ASSIGNED TASK: Go through the data below. List every line that holds the word "Front".

INPUT:
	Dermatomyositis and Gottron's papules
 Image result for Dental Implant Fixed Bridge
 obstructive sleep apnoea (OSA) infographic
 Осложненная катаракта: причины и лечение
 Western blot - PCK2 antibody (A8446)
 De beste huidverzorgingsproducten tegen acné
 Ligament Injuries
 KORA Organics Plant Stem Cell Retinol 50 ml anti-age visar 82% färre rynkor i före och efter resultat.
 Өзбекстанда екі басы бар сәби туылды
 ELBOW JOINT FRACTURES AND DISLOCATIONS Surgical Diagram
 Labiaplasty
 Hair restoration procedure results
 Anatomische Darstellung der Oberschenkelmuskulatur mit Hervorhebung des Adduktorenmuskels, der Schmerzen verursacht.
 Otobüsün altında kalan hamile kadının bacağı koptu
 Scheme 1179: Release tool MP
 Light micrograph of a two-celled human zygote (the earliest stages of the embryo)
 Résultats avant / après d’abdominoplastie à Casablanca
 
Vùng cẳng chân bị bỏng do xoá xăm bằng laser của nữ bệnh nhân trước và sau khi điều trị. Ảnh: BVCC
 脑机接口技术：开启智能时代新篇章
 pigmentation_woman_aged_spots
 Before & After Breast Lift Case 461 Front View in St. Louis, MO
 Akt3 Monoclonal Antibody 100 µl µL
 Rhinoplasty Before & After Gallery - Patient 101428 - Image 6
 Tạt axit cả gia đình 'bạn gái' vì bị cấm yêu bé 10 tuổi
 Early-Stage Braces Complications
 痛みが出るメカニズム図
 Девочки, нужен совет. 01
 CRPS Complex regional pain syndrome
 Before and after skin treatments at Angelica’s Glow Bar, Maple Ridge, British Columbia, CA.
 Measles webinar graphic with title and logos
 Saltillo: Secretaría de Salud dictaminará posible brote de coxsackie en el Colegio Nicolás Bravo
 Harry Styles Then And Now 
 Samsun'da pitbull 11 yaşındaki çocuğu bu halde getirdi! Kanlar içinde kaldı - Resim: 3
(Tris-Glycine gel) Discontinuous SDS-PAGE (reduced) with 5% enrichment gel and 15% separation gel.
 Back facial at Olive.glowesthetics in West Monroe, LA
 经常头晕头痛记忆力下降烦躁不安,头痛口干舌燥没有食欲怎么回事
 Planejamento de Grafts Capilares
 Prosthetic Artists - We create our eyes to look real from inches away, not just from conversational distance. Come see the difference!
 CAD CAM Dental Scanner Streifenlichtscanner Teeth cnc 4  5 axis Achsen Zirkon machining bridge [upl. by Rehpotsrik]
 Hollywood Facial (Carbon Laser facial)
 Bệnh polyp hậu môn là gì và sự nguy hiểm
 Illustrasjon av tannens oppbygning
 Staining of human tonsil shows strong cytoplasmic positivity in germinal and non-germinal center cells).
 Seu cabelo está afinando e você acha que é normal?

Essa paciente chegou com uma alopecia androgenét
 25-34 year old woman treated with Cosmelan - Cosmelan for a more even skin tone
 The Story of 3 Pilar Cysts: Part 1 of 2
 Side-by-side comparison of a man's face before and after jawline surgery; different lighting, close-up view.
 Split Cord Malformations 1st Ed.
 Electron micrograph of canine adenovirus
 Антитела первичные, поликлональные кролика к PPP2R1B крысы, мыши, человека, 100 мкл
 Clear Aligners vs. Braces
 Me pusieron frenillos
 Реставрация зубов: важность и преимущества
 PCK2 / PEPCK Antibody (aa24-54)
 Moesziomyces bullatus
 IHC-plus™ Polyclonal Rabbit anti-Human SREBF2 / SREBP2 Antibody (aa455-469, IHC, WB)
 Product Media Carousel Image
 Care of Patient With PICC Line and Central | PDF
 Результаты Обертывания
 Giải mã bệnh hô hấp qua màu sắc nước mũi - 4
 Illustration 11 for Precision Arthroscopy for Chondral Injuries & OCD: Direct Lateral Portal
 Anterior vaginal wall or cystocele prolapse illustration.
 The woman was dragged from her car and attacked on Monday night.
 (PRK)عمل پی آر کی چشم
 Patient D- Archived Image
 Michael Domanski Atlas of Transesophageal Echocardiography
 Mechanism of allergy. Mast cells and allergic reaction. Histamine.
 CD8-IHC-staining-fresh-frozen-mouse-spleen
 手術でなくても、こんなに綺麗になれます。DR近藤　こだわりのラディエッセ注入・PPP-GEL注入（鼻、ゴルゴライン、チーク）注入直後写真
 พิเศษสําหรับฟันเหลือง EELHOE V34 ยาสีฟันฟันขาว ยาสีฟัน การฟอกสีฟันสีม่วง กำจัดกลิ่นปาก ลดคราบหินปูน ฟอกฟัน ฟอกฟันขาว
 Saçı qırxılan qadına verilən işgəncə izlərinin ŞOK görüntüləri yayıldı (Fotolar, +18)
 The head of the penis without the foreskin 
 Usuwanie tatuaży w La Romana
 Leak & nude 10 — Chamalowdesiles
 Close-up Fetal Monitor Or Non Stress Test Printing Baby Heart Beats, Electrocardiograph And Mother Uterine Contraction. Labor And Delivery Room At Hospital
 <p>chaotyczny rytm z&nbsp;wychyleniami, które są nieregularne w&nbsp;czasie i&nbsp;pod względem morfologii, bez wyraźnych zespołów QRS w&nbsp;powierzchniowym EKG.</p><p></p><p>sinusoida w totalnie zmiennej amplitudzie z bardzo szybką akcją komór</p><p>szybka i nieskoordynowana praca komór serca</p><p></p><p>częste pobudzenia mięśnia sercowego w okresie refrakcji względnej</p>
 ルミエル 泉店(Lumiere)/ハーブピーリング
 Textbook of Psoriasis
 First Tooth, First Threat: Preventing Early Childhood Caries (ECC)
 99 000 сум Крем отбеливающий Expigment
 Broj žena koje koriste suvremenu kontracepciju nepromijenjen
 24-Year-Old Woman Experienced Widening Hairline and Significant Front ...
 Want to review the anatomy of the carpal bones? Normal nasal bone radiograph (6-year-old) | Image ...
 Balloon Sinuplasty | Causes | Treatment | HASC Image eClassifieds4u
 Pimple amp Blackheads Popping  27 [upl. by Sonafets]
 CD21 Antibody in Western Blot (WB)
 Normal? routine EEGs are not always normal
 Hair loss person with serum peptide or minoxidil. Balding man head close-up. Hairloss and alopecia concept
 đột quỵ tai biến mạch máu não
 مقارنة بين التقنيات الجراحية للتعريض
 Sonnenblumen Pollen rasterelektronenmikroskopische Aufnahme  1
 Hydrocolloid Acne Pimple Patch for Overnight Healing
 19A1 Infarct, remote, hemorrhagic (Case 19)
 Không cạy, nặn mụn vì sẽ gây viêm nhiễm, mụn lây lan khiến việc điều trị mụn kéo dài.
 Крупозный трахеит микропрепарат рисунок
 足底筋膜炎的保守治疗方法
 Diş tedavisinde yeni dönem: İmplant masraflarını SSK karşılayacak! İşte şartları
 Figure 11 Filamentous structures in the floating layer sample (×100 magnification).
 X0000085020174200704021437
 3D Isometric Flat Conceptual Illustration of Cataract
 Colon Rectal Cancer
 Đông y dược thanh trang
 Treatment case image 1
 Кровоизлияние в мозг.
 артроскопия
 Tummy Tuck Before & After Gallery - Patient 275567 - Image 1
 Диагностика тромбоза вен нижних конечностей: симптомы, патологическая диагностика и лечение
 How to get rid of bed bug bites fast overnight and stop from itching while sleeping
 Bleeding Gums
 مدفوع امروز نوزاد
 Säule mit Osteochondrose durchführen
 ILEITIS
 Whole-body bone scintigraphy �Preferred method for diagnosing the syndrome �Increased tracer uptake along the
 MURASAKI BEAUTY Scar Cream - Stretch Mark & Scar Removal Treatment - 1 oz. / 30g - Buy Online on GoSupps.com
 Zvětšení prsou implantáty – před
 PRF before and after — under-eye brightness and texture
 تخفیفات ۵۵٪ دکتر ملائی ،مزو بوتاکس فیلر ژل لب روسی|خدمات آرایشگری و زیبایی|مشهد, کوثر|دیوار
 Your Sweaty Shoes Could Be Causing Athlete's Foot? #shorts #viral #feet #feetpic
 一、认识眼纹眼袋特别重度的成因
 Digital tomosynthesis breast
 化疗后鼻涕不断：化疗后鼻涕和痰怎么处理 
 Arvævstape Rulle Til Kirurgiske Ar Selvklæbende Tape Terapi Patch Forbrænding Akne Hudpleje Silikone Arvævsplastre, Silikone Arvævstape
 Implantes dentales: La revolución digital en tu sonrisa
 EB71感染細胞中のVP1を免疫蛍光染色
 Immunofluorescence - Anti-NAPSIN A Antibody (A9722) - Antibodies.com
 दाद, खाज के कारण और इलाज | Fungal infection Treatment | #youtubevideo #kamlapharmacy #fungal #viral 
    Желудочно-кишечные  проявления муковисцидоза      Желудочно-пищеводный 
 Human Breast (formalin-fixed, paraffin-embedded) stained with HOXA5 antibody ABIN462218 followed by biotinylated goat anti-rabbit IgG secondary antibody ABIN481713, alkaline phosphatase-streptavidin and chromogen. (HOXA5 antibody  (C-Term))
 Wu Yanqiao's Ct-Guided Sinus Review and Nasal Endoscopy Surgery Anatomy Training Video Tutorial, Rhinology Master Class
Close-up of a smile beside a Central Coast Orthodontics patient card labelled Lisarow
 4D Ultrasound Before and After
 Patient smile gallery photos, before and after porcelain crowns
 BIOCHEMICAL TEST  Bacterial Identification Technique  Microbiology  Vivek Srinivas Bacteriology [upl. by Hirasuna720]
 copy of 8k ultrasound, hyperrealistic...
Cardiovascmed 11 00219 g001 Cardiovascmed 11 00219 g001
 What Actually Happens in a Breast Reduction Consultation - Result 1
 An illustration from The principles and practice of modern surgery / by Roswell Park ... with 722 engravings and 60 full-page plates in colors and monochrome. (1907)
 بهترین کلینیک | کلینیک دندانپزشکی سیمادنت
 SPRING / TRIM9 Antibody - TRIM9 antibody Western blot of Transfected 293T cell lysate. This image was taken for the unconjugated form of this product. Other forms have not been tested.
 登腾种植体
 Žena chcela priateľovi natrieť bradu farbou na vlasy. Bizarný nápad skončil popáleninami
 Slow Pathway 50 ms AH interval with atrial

FINISHED TASK:
 Before & After Breast Lift Case 461 Front View in St. Louis, MO
 24-Year-Old Woman Experienced Widening Hairline and Significant Front ...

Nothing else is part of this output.